A newly discovered osteoinductive protein dubbed University of California Bone (UCB) may one day help heal fractures, generate new bone growth, and revolutionize spinal fusion. Scientists first isolated the molecule when they were studying a disease marked by accelerated bone growth, and are currently in the process of refining it for clinical use.
While full regulatory approval is most likely about 7 to 9 years away, "the first use may be spinal fusion, but can certainly be used in other orthopaedic surgeries, including non-union fractures and dental applications such as ridge augmentation and sinus lifts," says Ben Wu, PhD, bioengineer at the University of California, Los Angeles' (UCLA) Henry Samueli School of Engineering and Applied Science.
Better than BMP?
UCB is more specific than bone morphogenetic proteins (BMPs), and may have fewer side effects, Dr. Wu says. Several BMPs are being studied for orthopaedic applications, including human BMP-2, which can be administered laparoscopically, and which is currently approved as a bone graft replacement for anterior lumbar spinal fusions. BMP-7 and BMP-14 are being investigated for similar indications.
BMPs can cause undesirable bone formation at locations outside of the implant site, however. UCB is more specific for osteoblastic cells, which decreases the possibility of heterotopic bone formation because fibroblasts, pericytes and other non-committed cells would not be stimulated to form bone, Dr. Wu tells CIAOMed.
"In one of the pathways that lead to bone formation, BMP is an upstream regulator of core binding factor alpha-1 (CBFα1), an essential transcription factor for osteoblast differentiation and bone formation," he says. "In contrast, [UCB] acts downstream of CBFα1," enhancing its specificity.
The new protein may also be used along with BMP, Dr Wu predicts. "Because of the different molecular targets, UCB and BMP may act synergistically, and the combination may greatly reduce the dosage of BMPs currently employed."
Seeking the Ideal Carrier
One of the remaining goals is to design a suitable carrier for UCB, as the protein administered alone is not effective. BMPs are delivered with a collagen sponge into the area where bone growth is needed, but proteins can diffuse away from the sponge, diminishing the effectiveness of the treatment. To counter this issue, Dr. Wu and his collaborators are developing biological carriers.
"For moderate weight-bearing applications, we are designing moldable carriers that will expose pores and release the growth factors over time," Dr. Wu says. "For non-weight-bearing applications with limited surgical access, we are designing injectable carriers to minimize surgical trauma." For heavy weight-bearing applications, Dr. Wu says, either of these approaches will need to be combined with stronger biomaterials such as metals or advanced composites.
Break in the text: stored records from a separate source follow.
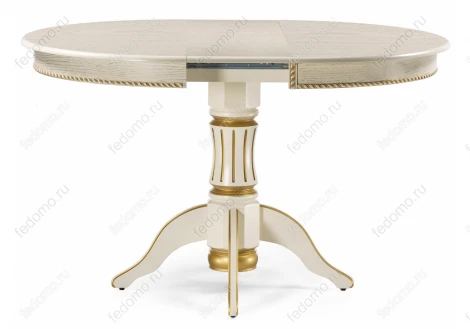 Деревянный стол Woodville Павия 100 крем с золотой патиной 450818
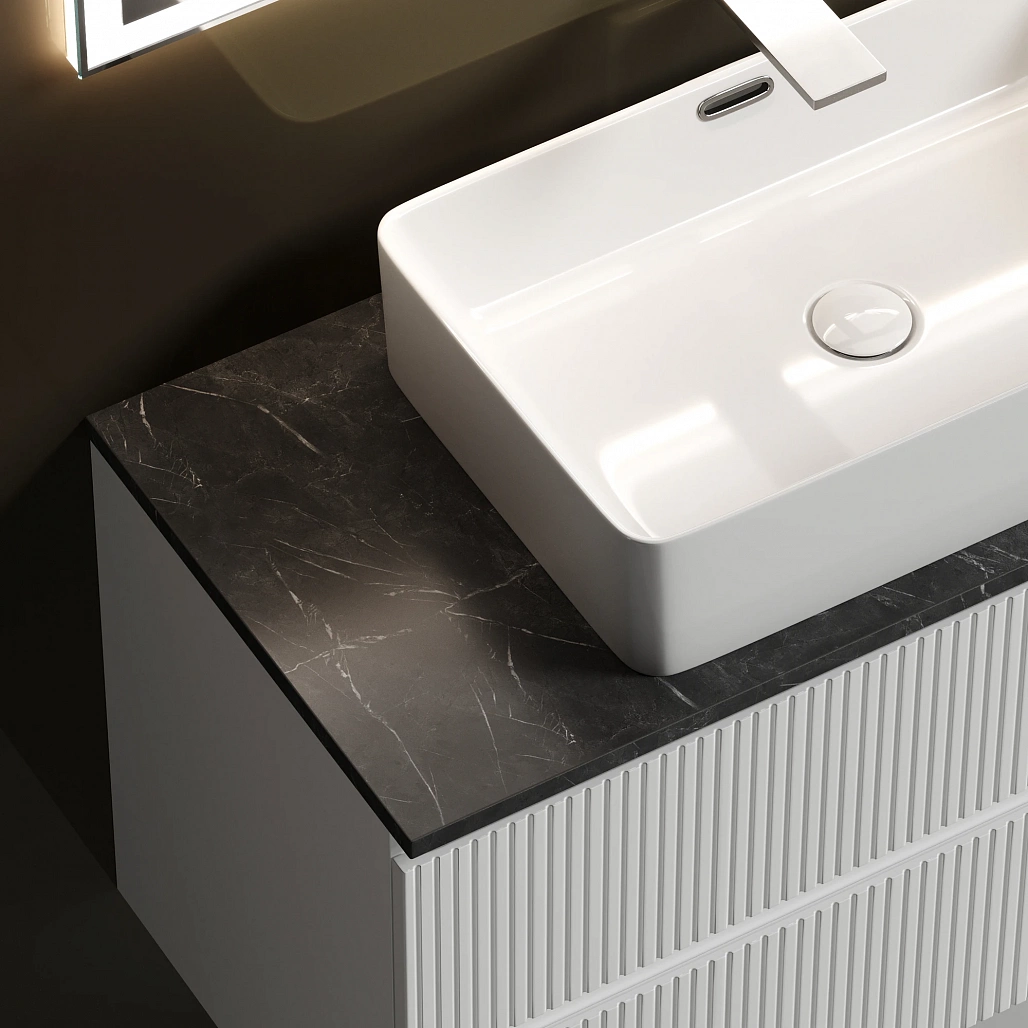 Тумба под столешницу Sancos Сноб T / Snob T 99,5x44,5x50 подвесная, белый матовый / bianco, столешница без отверстия под смеситель, черное небо / black sky — МЕБ009870 — фото 10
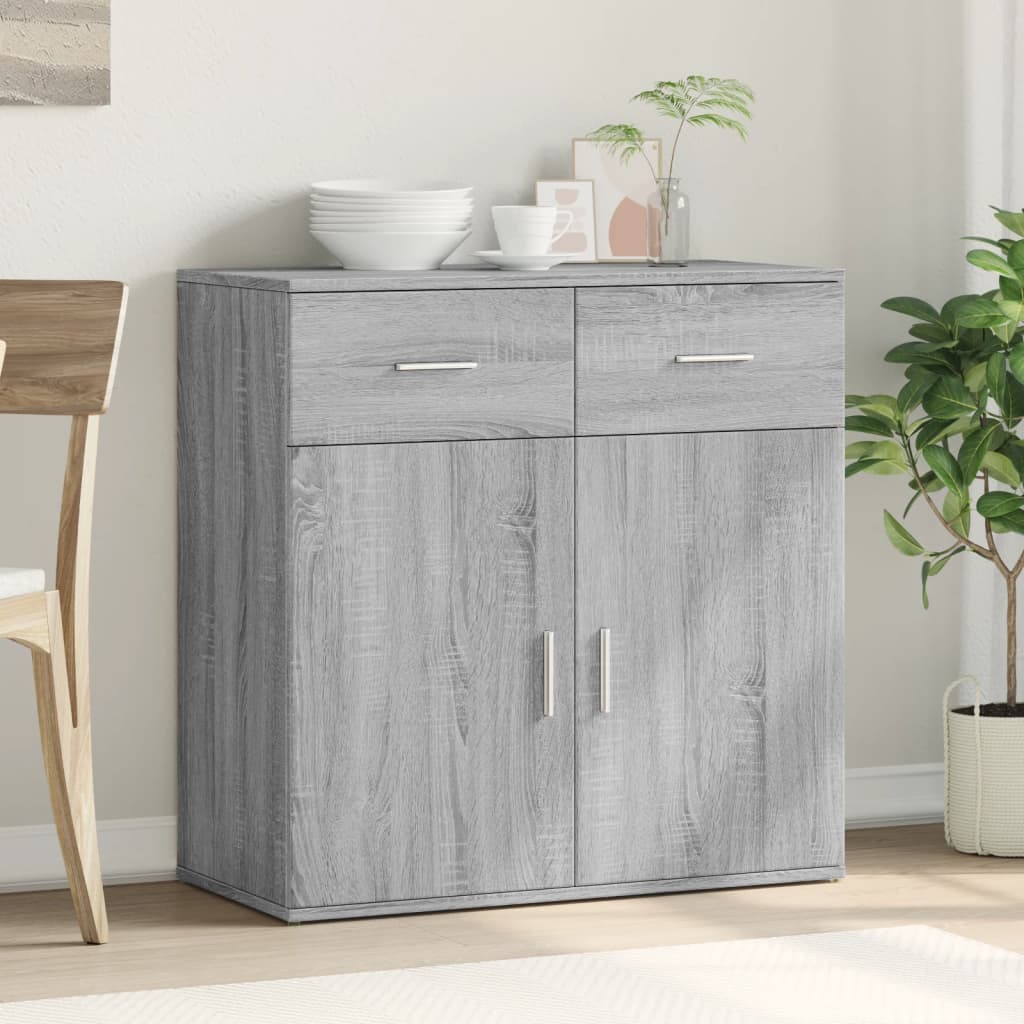 Credenza Grigio Sonoma 79x38x80 cm in Legno Multistrato - homemem39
"I believe these proteins will become the standard of care in the future," says Jeffrey Wang, MD, the chief of Orthopaedic Spine Service at the UCLA Comprehensive Spine Center. "UCB has the potential to substitute for [autologous] bone grafts, minimizing pain and recovery to patient," he says, adding that "it could minimize and decrease fracture healing time, and provide excellent treatments for fracture non-unions."
Reference:
UCLA Researchers Discover New Method to generate Human Bone [press release]. 4/21/05.